▶ WHAT YOU ARE ASKED TO DO
The listing below should be copied in full, word for word.

▶ EXERCISE INPUT
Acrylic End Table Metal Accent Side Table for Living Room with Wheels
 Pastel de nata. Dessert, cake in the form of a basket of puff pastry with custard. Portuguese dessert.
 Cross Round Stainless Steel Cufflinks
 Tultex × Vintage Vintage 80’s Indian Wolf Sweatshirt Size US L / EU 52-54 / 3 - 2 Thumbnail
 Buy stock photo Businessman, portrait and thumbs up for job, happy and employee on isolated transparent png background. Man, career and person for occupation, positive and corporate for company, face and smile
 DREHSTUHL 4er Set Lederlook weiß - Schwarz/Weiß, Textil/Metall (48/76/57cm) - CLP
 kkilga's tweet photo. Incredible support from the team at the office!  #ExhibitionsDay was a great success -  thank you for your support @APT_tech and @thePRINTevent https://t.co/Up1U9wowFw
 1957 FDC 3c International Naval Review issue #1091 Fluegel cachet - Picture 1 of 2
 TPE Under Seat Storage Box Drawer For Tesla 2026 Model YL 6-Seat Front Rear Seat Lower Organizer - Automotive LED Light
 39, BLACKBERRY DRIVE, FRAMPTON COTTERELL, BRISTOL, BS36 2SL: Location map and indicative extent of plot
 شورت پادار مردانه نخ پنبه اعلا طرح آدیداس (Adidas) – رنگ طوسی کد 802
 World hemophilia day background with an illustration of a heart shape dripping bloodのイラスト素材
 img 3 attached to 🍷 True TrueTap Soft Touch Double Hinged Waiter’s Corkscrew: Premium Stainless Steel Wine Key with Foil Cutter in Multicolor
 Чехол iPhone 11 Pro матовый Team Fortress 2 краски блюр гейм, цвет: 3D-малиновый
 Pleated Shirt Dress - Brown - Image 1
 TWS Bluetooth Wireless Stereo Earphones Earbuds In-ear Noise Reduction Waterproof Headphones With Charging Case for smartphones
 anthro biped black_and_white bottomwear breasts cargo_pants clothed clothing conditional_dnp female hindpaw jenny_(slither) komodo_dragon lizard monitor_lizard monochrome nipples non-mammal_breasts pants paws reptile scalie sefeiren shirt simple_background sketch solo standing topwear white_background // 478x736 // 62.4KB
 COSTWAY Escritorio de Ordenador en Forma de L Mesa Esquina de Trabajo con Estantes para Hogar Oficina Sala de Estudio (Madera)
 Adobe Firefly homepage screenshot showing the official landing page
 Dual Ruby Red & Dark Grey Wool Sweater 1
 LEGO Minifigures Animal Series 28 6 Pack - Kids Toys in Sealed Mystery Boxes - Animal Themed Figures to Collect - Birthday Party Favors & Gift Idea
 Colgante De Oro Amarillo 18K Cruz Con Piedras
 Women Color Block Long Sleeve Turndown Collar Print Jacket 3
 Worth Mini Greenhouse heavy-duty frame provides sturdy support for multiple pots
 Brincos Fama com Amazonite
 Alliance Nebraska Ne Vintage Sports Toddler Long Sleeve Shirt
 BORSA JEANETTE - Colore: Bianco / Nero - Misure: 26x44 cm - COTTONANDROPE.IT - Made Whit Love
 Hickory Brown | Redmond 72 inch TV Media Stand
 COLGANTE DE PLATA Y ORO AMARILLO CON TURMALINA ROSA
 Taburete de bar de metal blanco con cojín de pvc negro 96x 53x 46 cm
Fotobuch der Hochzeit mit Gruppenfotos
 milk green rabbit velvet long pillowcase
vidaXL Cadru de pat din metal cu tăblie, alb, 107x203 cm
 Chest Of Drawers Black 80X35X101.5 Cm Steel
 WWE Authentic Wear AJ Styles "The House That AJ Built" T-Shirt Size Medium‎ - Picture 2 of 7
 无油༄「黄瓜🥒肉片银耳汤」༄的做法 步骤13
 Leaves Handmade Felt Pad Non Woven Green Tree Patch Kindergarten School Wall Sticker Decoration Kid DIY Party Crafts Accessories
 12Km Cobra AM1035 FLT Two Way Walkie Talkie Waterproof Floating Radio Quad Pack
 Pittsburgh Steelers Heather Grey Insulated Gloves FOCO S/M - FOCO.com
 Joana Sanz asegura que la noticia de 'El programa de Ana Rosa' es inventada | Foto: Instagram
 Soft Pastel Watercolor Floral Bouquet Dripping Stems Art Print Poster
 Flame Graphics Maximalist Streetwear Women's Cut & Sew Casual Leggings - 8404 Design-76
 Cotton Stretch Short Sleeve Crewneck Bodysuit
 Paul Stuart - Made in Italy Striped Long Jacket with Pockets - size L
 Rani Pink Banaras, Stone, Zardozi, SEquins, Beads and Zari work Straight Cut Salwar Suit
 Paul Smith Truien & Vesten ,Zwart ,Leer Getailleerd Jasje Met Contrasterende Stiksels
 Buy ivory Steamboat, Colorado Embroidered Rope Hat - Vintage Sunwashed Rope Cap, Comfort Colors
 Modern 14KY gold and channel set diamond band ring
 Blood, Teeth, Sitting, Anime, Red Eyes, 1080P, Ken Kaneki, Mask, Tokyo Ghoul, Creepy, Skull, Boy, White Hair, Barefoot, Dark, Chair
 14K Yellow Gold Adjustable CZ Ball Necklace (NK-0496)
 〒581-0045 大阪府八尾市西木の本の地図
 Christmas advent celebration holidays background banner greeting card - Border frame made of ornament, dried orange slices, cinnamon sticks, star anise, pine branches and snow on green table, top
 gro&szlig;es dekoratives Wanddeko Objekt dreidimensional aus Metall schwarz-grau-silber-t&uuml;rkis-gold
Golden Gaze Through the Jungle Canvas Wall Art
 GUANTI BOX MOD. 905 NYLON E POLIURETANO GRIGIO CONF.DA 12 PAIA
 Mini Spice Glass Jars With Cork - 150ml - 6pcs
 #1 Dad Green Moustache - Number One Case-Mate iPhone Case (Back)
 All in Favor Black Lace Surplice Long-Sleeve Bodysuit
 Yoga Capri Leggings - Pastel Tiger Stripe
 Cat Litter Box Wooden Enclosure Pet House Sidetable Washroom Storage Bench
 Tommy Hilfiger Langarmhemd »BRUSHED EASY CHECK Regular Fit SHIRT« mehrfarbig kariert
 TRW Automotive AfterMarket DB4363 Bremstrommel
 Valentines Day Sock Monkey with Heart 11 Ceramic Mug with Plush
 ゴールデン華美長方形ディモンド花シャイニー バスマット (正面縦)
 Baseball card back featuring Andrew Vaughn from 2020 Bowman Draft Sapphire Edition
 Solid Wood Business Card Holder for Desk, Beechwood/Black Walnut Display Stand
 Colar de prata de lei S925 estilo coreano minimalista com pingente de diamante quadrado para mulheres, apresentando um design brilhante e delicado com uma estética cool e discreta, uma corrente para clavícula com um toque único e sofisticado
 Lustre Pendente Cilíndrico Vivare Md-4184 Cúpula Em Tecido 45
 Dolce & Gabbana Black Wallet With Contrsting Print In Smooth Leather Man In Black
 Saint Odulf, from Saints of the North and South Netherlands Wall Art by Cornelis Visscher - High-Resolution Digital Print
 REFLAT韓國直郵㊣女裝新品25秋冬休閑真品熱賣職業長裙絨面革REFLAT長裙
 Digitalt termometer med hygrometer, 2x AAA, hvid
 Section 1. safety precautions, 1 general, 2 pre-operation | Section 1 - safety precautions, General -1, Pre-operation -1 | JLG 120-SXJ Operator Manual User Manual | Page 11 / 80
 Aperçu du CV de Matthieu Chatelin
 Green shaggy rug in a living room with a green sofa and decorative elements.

▶ ANSWER FOR THE TASK
Acrylic End Table Metal Accent Side Table for Living Room with Wheels
 Pastel de nata. Dessert, cake in the form of a basket of puff pastry with custard. Portuguese dessert.
 Cross Round Stainless Steel Cufflinks
 Tultex × Vintage Vintage 80’s Indian Wolf Sweatshirt Size US L / EU 52-54 / 3 - 2 Thumbnail
 Buy stock photo Businessman, portrait and thumbs up for job, happy and employee on isolated transparent png background. Man, career and person for occupation, positive and corporate for company, face and smile
 DREHSTUHL 4er Set Lederlook weiß - Schwarz/Weiß, Textil/Metall (48/76/57cm) - CLP
 kkilga's tweet photo. Incredible support from the team at the office!  #ExhibitionsDay was a great success -  thank you for your support @APT_tech and @thePRINTevent https://t.co/Up1U9wowFw
 1957 FDC 3c International Naval Review issue #1091 Fluegel cachet - Picture 1 of 2
 TPE Under Seat Storage Box Drawer For Tesla 2026 Model YL 6-Seat Front Rear Seat Lower Organizer - Automotive LED Light
 39, BLACKBERRY DRIVE, FRAMPTON COTTERELL, BRISTOL, BS36 2SL: Location map and indicative extent of plot
 شورت پادار مردانه نخ پنبه اعلا طرح آدیداس (Adidas) – رنگ طوسی کد 802
 World hemophilia day background with an illustration of a heart shape dripping bloodのイラスト素材
 img 3 attached to 🍷 True TrueTap Soft Touch Double Hinged Waiter’s Corkscrew: Premium Stainless Steel Wine Key with Foil Cutter in Multicolor
 Чехол iPhone 11 Pro матовый Team Fortress 2 краски блюр гейм, цвет: 3D-малиновый
 Pleated Shirt Dress - Brown - Image 1
 TWS Bluetooth Wireless Stereo Earphones Earbuds In-ear Noise Reduction Waterproof Headphones With Charging Case for smartphones
 anthro biped black_and_white bottomwear breasts cargo_pants clothed clothing conditional_dnp female hindpaw jenny_(slither) komodo_dragon lizard monitor_lizard monochrome nipples non-mammal_breasts pants paws reptile scalie sefeiren shirt simple_background sketch solo standing topwear white_background // 478x736 // 62.4KB
 COSTWAY Escritorio de Ordenador en Forma de L Mesa Esquina de Trabajo con Estantes para Hogar Oficina Sala de Estudio (Madera)
 Adobe Firefly homepage screenshot showing the official landing page
 Dual Ruby Red & Dark Grey Wool Sweater 1
 LEGO Minifigures Animal Series 28 6 Pack - Kids Toys in Sealed Mystery Boxes - Animal Themed Figures to Collect - Birthday Party Favors & Gift Idea
 Colgante De Oro Amarillo 18K Cruz Con Piedras
 Women Color Block Long Sleeve Turndown Collar Print Jacket 3
 Worth Mini Greenhouse heavy-duty frame provides sturdy support for multiple pots
 Brincos Fama com Amazonite
 Alliance Nebraska Ne Vintage Sports Toddler Long Sleeve Shirt
 BORSA JEANETTE - Colore: Bianco / Nero - Misure: 26x44 cm - COTTONANDROPE.IT - Made Whit Love
 Hickory Brown | Redmond 72 inch TV Media Stand
 COLGANTE DE PLATA Y ORO AMARILLO CON TURMALINA ROSA
 Taburete de bar de metal blanco con cojín de pvc negro 96x 53x 46 cm
Fotobuch der Hochzeit mit Gruppenfotos
 milk green rabbit velvet long pillowcase
vidaXL Cadru de pat din metal cu tăblie, alb, 107x203 cm
 Chest Of Drawers Black 80X35X101.5 Cm Steel
 WWE Authentic Wear AJ Styles "The House That AJ Built" T-Shirt Size Medium‎ - Picture 2 of 7
 无油༄「黄瓜🥒肉片银耳汤」༄的做法 步骤13
 Leaves Handmade Felt Pad Non Woven Green Tree Patch Kindergarten School Wall Sticker Decoration Kid DIY Party Crafts Accessories
 12Km Cobra AM1035 FLT Two Way Walkie Talkie Waterproof Floating Radio Quad Pack
 Pittsburgh Steelers Heather Grey Insulated Gloves FOCO S/M - FOCO.com
 Joana Sanz asegura que la noticia de 'El programa de Ana Rosa' es inventada | Foto: Instagram
 Soft Pastel Watercolor Floral Bouquet Dripping Stems Art Print Poster
 Flame Graphics Maximalist Streetwear Women's Cut & Sew Casual Leggings - 8404 Design-76
 Cotton Stretch Short Sleeve Crewneck Bodysuit
 Paul Stuart - Made in Italy Striped Long Jacket with Pockets - size L
 Rani Pink Banaras, Stone, Zardozi, SEquins, Beads and Zari work Straight Cut Salwar Suit
 Paul Smith Truien & Vesten ,Zwart ,Leer Getailleerd Jasje Met Contrasterende Stiksels
 Buy ivory Steamboat, Colorado Embroidered Rope Hat - Vintage Sunwashed Rope Cap, Comfort Colors
 Modern 14KY gold and channel set diamond band ring
 Blood, Teeth, Sitting, Anime, Red Eyes, 1080P, Ken Kaneki, Mask, Tokyo Ghoul, Creepy, Skull, Boy, White Hair, Barefoot, Dark, Chair
 14K Yellow Gold Adjustable CZ Ball Necklace (NK-0496)
 〒581-0045 大阪府八尾市西木の本の地図
 Christmas advent celebration holidays background banner greeting card - Border frame made of ornament, dried orange slices, cinnamon sticks, star anise, pine branches and snow on green table, top
 gro&szlig;es dekoratives Wanddeko Objekt dreidimensional aus Metall schwarz-grau-silber-t&uuml;rkis-gold
Golden Gaze Through the Jungle Canvas Wall Art
 GUANTI BOX MOD. 905 NYLON E POLIURETANO GRIGIO CONF.DA 12 PAIA
 Mini Spice Glass Jars With Cork - 150ml - 6pcs
 #1 Dad Green Moustache - Number One Case-Mate iPhone Case (Back)
 All in Favor Black Lace Surplice Long-Sleeve Bodysuit
 Yoga Capri Leggings - Pastel Tiger Stripe
 Cat Litter Box Wooden Enclosure Pet House Sidetable Washroom Storage Bench
 Tommy Hilfiger Langarmhemd »BRUSHED EASY CHECK Regular Fit SHIRT« mehrfarbig kariert
 TRW Automotive AfterMarket DB4363 Bremstrommel
 Valentines Day Sock Monkey with Heart 11 Ceramic Mug with Plush
 ゴールデン華美長方形ディモンド花シャイニー バスマット (正面縦)
 Baseball card back featuring Andrew Vaughn from 2020 Bowman Draft Sapphire Edition
 Solid Wood Business Card Holder for Desk, Beechwood/Black Walnut Display Stand
 Colar de prata de lei S925 estilo coreano minimalista com pingente de diamante quadrado para mulheres, apresentando um design brilhante e delicado com uma estética cool e discreta, uma corrente para clavícula com um toque único e sofisticado
 Lustre Pendente Cilíndrico Vivare Md-4184 Cúpula Em Tecido 45
 Dolce & Gabbana Black Wallet With Contrsting Print In Smooth Leather Man In Black
 Saint Odulf, from Saints of the North and South Netherlands Wall Art by Cornelis Visscher - High-Resolution Digital Print
 REFLAT韓國直郵㊣女裝新品25秋冬休閑真品熱賣職業長裙絨面革REFLAT長裙
 Digitalt termometer med hygrometer, 2x AAA, hvid
 Section 1. safety precautions, 1 general, 2 pre-operation | Section 1 - safety precautions, General -1, Pre-operation -1 | JLG 120-SXJ Operator Manual User Manual | Page 11 / 80
 Aperçu du CV de Matthieu Chatelin
 Green shaggy rug in a living room with a green sofa and decorative elements.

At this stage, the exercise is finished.